*** Given information Section Begins ***
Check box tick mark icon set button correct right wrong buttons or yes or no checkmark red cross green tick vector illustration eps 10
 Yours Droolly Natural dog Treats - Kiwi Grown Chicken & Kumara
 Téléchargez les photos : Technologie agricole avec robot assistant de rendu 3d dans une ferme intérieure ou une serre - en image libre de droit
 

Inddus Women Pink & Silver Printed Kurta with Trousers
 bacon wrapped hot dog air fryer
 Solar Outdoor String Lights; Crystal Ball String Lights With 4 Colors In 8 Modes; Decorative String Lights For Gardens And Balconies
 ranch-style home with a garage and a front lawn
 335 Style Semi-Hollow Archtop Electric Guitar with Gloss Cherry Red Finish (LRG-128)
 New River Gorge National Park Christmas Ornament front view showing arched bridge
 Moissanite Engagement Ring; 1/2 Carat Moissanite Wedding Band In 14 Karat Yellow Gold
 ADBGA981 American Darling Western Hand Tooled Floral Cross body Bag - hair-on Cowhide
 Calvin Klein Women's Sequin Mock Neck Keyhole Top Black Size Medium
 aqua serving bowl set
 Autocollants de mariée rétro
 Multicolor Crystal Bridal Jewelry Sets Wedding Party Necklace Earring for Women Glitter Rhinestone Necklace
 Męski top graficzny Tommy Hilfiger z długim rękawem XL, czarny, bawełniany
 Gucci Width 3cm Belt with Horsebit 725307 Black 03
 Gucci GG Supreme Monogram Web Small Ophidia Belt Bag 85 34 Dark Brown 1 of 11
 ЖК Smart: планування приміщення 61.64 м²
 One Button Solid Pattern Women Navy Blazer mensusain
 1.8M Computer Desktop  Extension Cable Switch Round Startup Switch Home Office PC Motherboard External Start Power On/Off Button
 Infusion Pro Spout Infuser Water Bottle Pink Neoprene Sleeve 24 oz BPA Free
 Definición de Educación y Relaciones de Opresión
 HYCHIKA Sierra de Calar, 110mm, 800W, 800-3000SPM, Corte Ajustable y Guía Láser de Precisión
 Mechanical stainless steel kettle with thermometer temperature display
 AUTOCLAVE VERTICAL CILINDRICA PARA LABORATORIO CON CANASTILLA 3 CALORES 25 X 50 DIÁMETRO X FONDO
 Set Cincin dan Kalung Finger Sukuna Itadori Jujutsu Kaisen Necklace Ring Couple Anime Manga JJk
*** Given information Section Ends ***
Print each entry above exactly as given.

• Result of the task:
Check box tick mark icon set button correct right wrong buttons or yes or no checkmark red cross green tick vector illustration eps 10
 Yours Droolly Natural dog Treats - Kiwi Grown Chicken & Kumara
 Téléchargez les photos : Technologie agricole avec robot assistant de rendu 3d dans une ferme intérieure ou une serre - en image libre de droit
 

Inddus Women Pink & Silver Printed Kurta with Trousers
 bacon wrapped hot dog air fryer
 Solar Outdoor String Lights; Crystal Ball String Lights With 4 Colors In 8 Modes; Decorative String Lights For Gardens And Balconies
 ranch-style home with a garage and a front lawn
 335 Style Semi-Hollow Archtop Electric Guitar with Gloss Cherry Red Finish (LRG-128)
 New River Gorge National Park Christmas Ornament front view showing arched bridge
 Moissanite Engagement Ring; 1/2 Carat Moissanite Wedding Band In 14 Karat Yellow Gold
 ADBGA981 American Darling Western Hand Tooled Floral Cross body Bag - hair-on Cowhide
 Calvin Klein Women's Sequin Mock Neck Keyhole Top Black Size Medium
 aqua serving bowl set
 Autocollants de mariée rétro
 Multicolor Crystal Bridal Jewelry Sets Wedding Party Necklace Earring for Women Glitter Rhinestone Necklace
 Męski top graficzny Tommy Hilfiger z długim rękawem XL, czarny, bawełniany
 Gucci Width 3cm Belt with Horsebit 725307 Black 03
 Gucci GG Supreme Monogram Web Small Ophidia Belt Bag 85 34 Dark Brown 1 of 11
 ЖК Smart: планування приміщення 61.64 м²
 One Button Solid Pattern Women Navy Blazer mensusain
 1.8M Computer Desktop  Extension Cable Switch Round Startup Switch Home Office PC Motherboard External Start Power On/Off Button
 Infusion Pro Spout Infuser Water Bottle Pink Neoprene Sleeve 24 oz BPA Free
 Definición de Educación y Relaciones de Opresión
 HYCHIKA Sierra de Calar, 110mm, 800W, 800-3000SPM, Corte Ajustable y Guía Láser de Precisión
 Mechanical stainless steel kettle with thermometer temperature display
 AUTOCLAVE VERTICAL CILINDRICA PARA LABORATORIO CON CANASTILLA 3 CALORES 25 X 50 DIÁMETRO X FONDO
 Set Cincin dan Kalung Finger Sukuna Itadori Jujutsu Kaisen Necklace Ring Couple Anime Manga JJk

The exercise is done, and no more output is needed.